- [ACTIVITY]:
Write out the lines below once more, exactly as they appear. Do not include pictures.

- [SOURCE DATA]:
——————

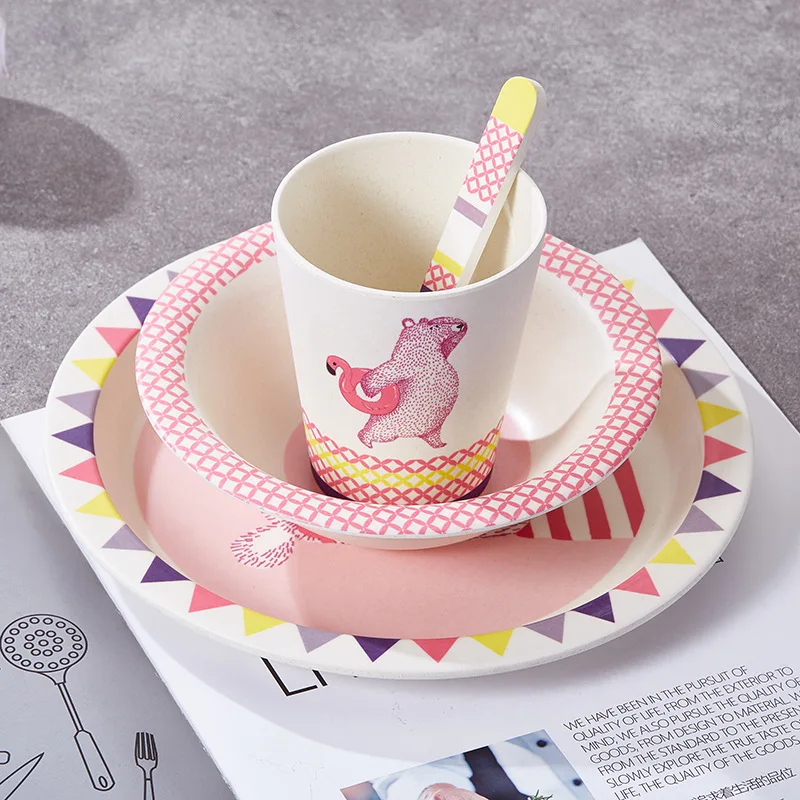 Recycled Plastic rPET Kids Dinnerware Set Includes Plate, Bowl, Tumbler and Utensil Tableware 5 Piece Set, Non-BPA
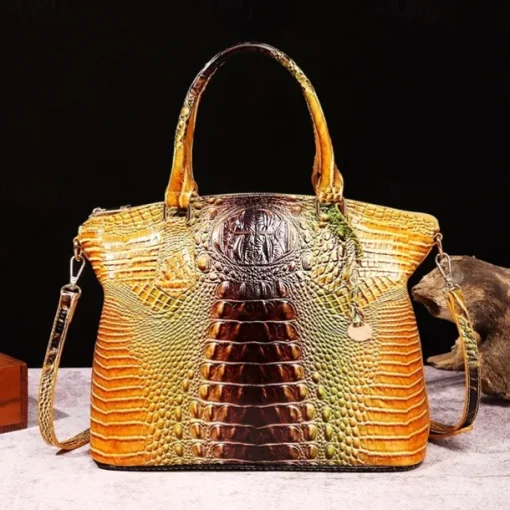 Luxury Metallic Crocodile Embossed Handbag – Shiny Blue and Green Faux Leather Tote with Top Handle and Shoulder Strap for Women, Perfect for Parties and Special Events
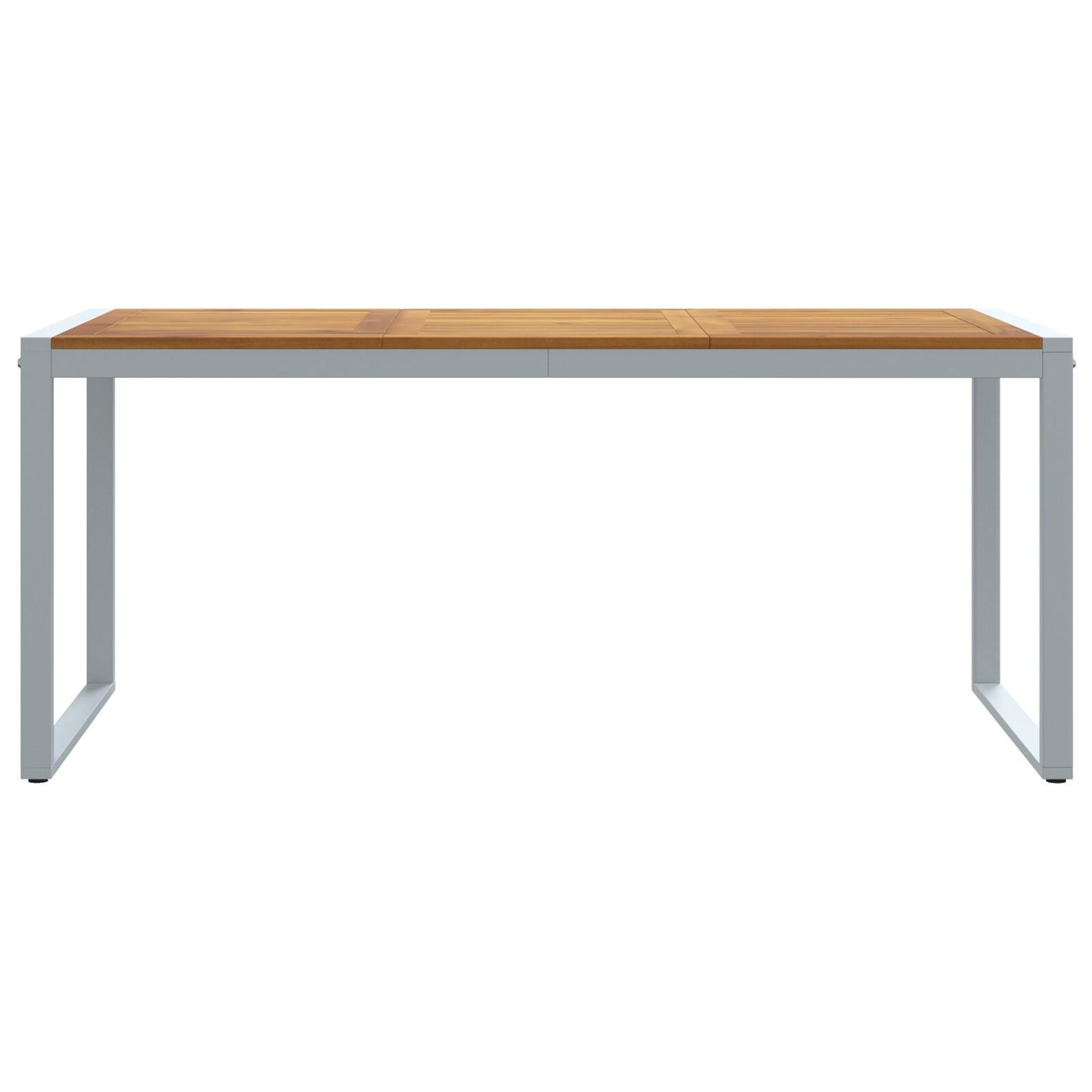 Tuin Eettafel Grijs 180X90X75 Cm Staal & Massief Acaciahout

——————

- [SOLUTION FOR THIS PROBLEM]:
 Recycled Plastic rPET Kids Dinnerware Set Includes Plate, Bowl, Tumbler and Utensil Tableware 5 Piece Set, Non-BPA
 Luxury Metallic Crocodile Embossed Handbag – Shiny Blue and Green Faux Leather Tote with Top Handle and Shoulder Strap for Women, Perfect for Parties and Special Events
 Tuin Eettafel Grijs 180X90X75 Cm Staal & Massief Acaciahout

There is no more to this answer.